France Backs Indonesia’s OECD Candidacy
Bogor. France on Friday said it would back Indonesia’s membership to the Paris-based Organization for Economic Co-Operation and Development (OECD), marking a progress in the Southeast Asian nation’s quest to become a developed country.
President Joko “Jokowi” Widodo has been actively trying to get support from fellow leaders for Indonesia to be an OECD member. Jokowi recently tried to get Paris’ support when he met his French counterpart Emmanuel Macron on the sidelines of the G20 Summit in India. According to French Ambassador to Indonesia Fabien Penone, Paris responded positively to Indonesia’s bid to join the OECD.
“We need to work together because there are many issues to be tackled in the multilateral arena.

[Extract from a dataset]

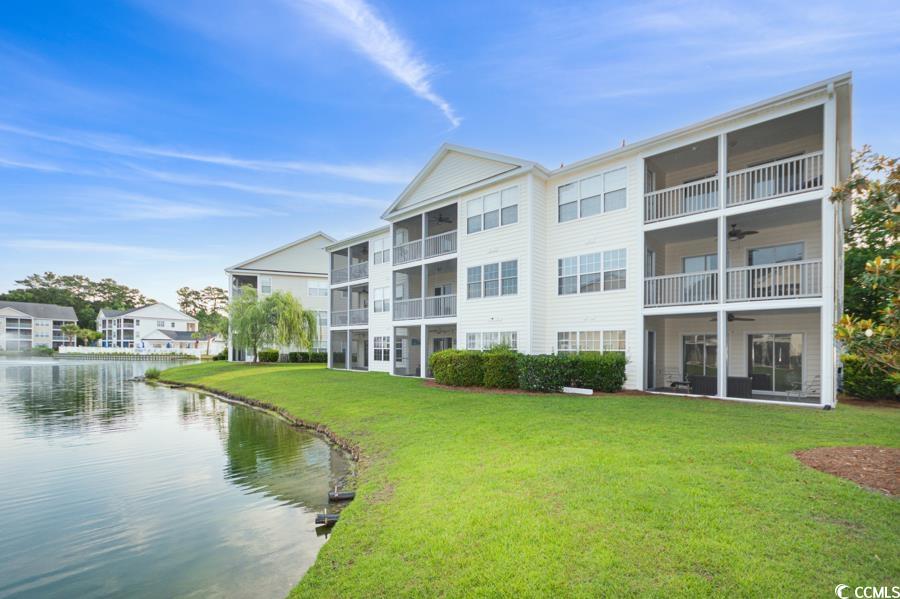 651 Woodmoor Dr. Unit: 202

So we value the importance of Indonesia’s candidacy to the OECD. This will be a very important step in the reinforcement of the international world of Indonesia,” Penone told reporters on the sidelines of a water security seminar in Bogor on Friday.
“We will help and support Indonesia’s candidacy,” Penone said.

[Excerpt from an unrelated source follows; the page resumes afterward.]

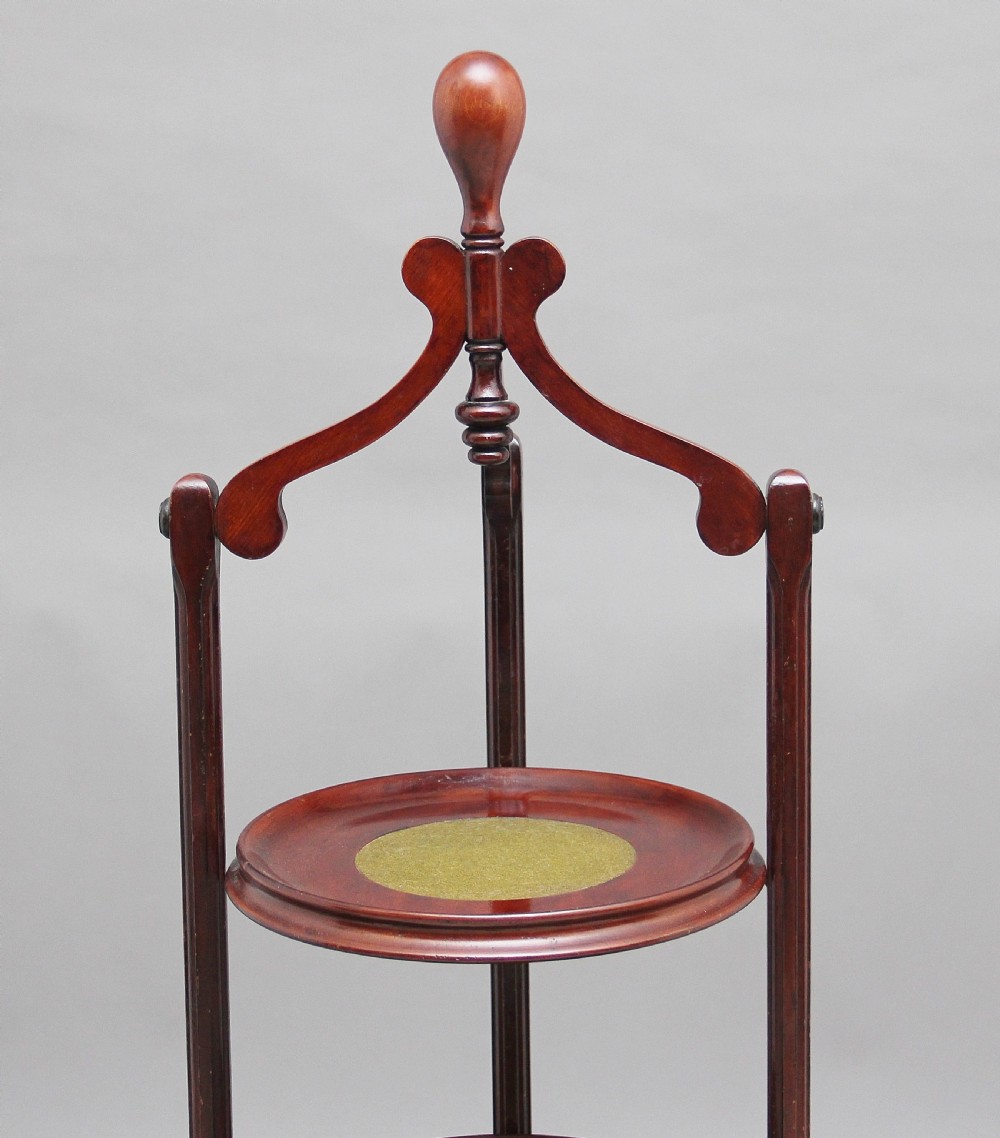 Early 20th Century mahogany cake stand View III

Indonesia has been a key partner of the OECD since 2007 and is aiming to be the third Asian country to join the 38-member intergovernmental organization, after South Korea and Japan.
Jokowi last month hosted a visit by the OECD Secretary-General Mathias Cormann at the Merdeka Palace in Jakarta. Finance Minister Sri Mulyani said Cormann praised what Jokowi had done to reform Indonesia’s economy --including on the investment front-- amidst global uncertainties. The comment gave Indonesia a boost of confidence for its OECD candidature.

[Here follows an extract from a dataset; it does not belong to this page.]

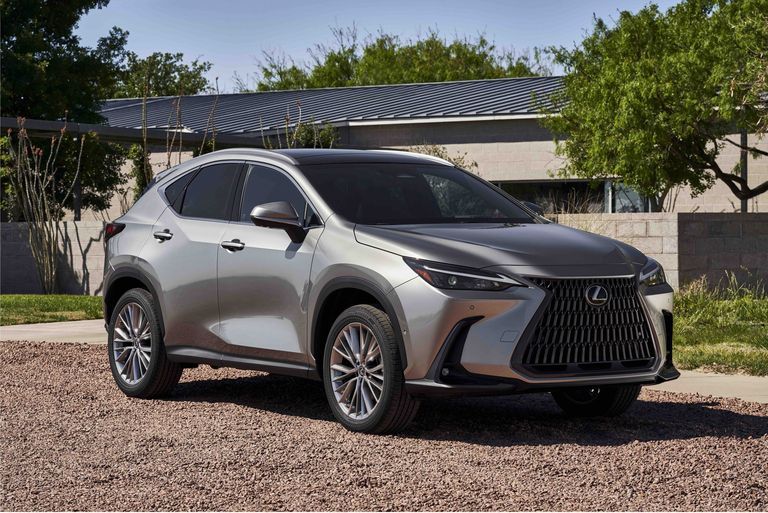 Lexus новый 2022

Cormann also met with Chief Economic Affairs Minister Airlangga Hartarto during his Jakarta trip. The average OECD member has a per capita income of over $10,000. According to Airlangga, an OECD membership can help Indonesia achieve those numbers by 2035, as the country works to meet the group’s standards on green economy, for instance.
An OECD accession usually takes between four and eight years. However, Indonesia is aiming to secure membership in less than four years. To speed up the joining date, the Indonesian government is mulling forming a national committee to identify the policy gaps.
The World Bank data shows Indonesia’s gross national income per capita stood at $4,580 in 2022.